Filmde doğumun ardından adamın arkadaşlarıyla eğlenmeye gittiği sahneyi izledik. Ali “Bak burası çok komik. Özellikle burayı izle.” dedi. Filmde anlatılanlar benim yaşadıklarımın yanında çok hafif kaldı. İzlerken aklımın bir kenarında sürekli Ali’nin bunu neden izlediğini ve bana izlettiğini düşünmeden edemiyordum. Derin’in doğumu tam yirmi dört saat sürdü. Açılma bir türlü gerçekleşmeyince tam bir gün sancıyla kıvranarak bekledim. Doktorum çok dirayetli olduğumu, hep “Beni sezaryene alın!” diye pes edeceğim anı düşündüğünü itiraf etti. Doğumlarım ne kadar zor olursa olsun çocuklarıma kavuşacağım için hep mutluydum, dayanmak için çabaladım. Doğumdan sonra da hep iyi hissettim. Bundan eminim çünkü Merin doğduğunda, sezaryen ameliyatına rağmen altı saat içinde hemen kalkıp Merin’e yoğun bakım verdiğimi gören tüm doktorlar ve hemşireler şaşırdı. Derin doğduğunda, vajinal doğumun da etkisiyle sanki bir gün boyunca o kahreden acıyı ben çekmemişim gibi iyi hissediyordum. Henüz doğumun gerçekleştiği gün Ali ve babam kutlamaya gidip körkütük sarhoş döndüler. Hala hastanedeydik. Derin’e bakıp emzirmek için kalktığımda Ali yatağıma yatıp sızdı. Bambaşka bir dünyada, bambaşka duygular içindeydim, umursamadım. Tek umursadığım Derin’in sağlığıydı. Sürekli uyumasından endişe ediyor, emzirmeye çalışıyordum. Hemşirenin biri gelip Ali’yi yatağımda görünce çok sinirlendi. Söylenerek odayı terk etti ama Ali duyamayacak kadar kendinden geçmişti. Refakatçi koltuğunda da ablası yatıyordu. Bir gün önce uykusuz bir gece geçirdiğimizden herkes yorgundu. Eve döndüğümüzde de durum çok değişmedi. Ali, eve her geldiğinde uyuyor olmamdan, tüm ilgimin artık Derin’de olmasından arada sırada şikayet ederek hayatı bildiği gibi yaşamaya devam etti. O günlerde Elif Şafak’ın Siyah Süt kitabını okuyunca ne denli derin bir bunalım içinde olduğumu anlamıştım. Hep söylediğim gibi biz anne baba olmayı zamanla öğrendik. Anneler öğrenecek çok şeyleri olsa da iç güdüleriyle bir şekilde doğal olarak oyunun içinde oluyorlar ama babaların baba olmayı öğrenmeleri için yedek kulübesinde beklemek yerine ilk andan itibaren aktif olarak oynamaları gerekiyor.

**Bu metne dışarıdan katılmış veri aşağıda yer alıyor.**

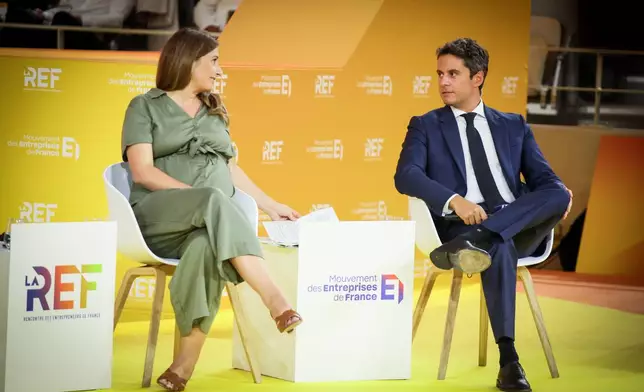 FILE - French Green Party leader Marine Tondelier, left, and Former French Prime minister Gabriel Attal, candidates at presidential election attends the business meeting organized by the French business organization (MEDEF) in Paris, Thursday, Aug. 27, 2026. (AP Photo/Thomas Padilla, File)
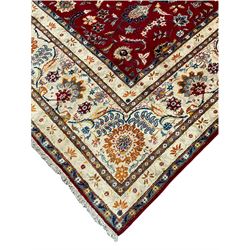 Large fine Persian Kashan carpet, the deep red ground field decorated with interlaced foliate and stylised plant motifs, seven band pale ivory ground border, the main band decorated with trailing foliate and flower head motifs of orange and blue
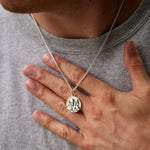 Person wearing a silver necklace with a round pendant, held by a hand.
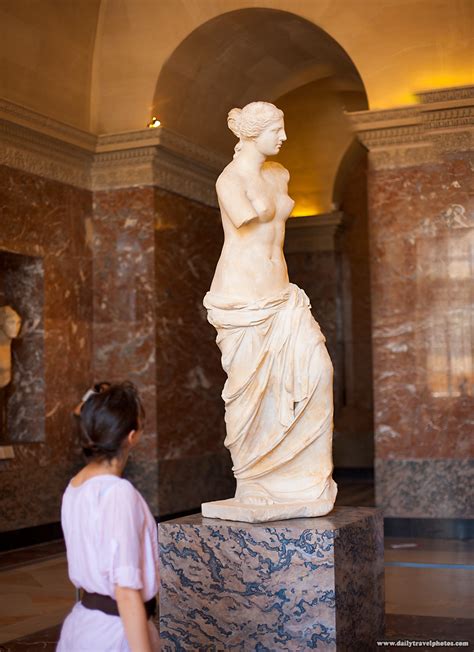 Lone Shooter - A lone tourist admires the Venus de Milo statue at the ...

Film bitince çocuklara gülecekleri bolca replik ve sahne kaldı. Kadınların hayatları boyunca unutamayacakları büyük acılar yaşadıkları doğum ve lohusalık hikayesi komediye vurularak anlatılmış, herkesin izleyebileceği hale getirilmiş. Gerde kalan kötü günleri gülümseyerek anlatmak, bana da artık baş edebildiğimi gösteriyor. O gün elimizde o kadar vardı, o kadarını yapabildik. Böyle düşününce ortada kızacak şey kalmıyor.

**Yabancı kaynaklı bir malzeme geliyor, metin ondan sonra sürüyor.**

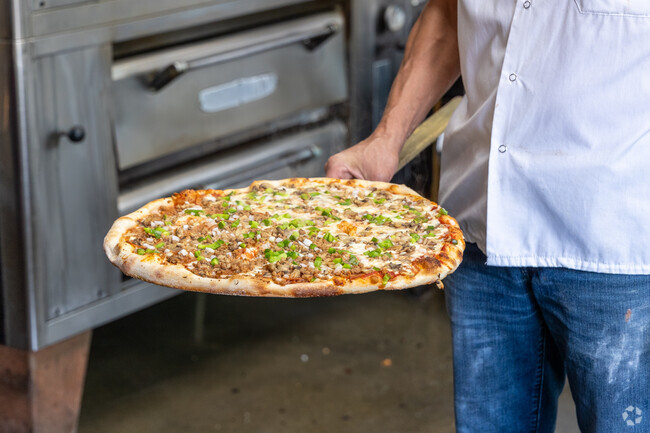 Santa Clara residents enjoy Dayton's favorite pizza.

Filmde adam eğlenirken, bebeğini uyutmaya çalışan karısını görüntülü arıyor. Kadın bebeği uyandırmamaya çalışarak ayağıyla zar zor telefonu alıp açıyor. Ali “Kadının haline bak, adamların derdine bak.” dedi. Daha geçen hafta hastalıktan gözümü açamazken Merin yine kucağımda ikinci gündüz uykusunu uyuyordu. O kadar çok öksürüyordum ki Merin uyanıyordu. Öksürmemek için, her öksürme isteğinde yudum yudum 1,5 litre suyu içtim. Merin de hasta gibiydi, ihtiyacı vardı, uykusunu almasını istiyordum. Düşündüğümden de uzun uyudu. Öyle çok su içtim ki çişim geldi. Bekledikçe kıvranmaya başladım ve Merin uyandı. İki saat boyunca ne kadar zorlandığımı anlatmakta zorlanırım. Tüm bunları anlamak için birinin filmini yapması gerekiyormuş, iyi ki yapmış. Sanırım daha çok anlatmak, paylaşmak, göstermek gerekiyor ama çok uykum geldi. Anlamak için daha çok paylaşma dileğiyle şimdilik burada bitireceğim. Yalnız değilim, yalnız değiliz.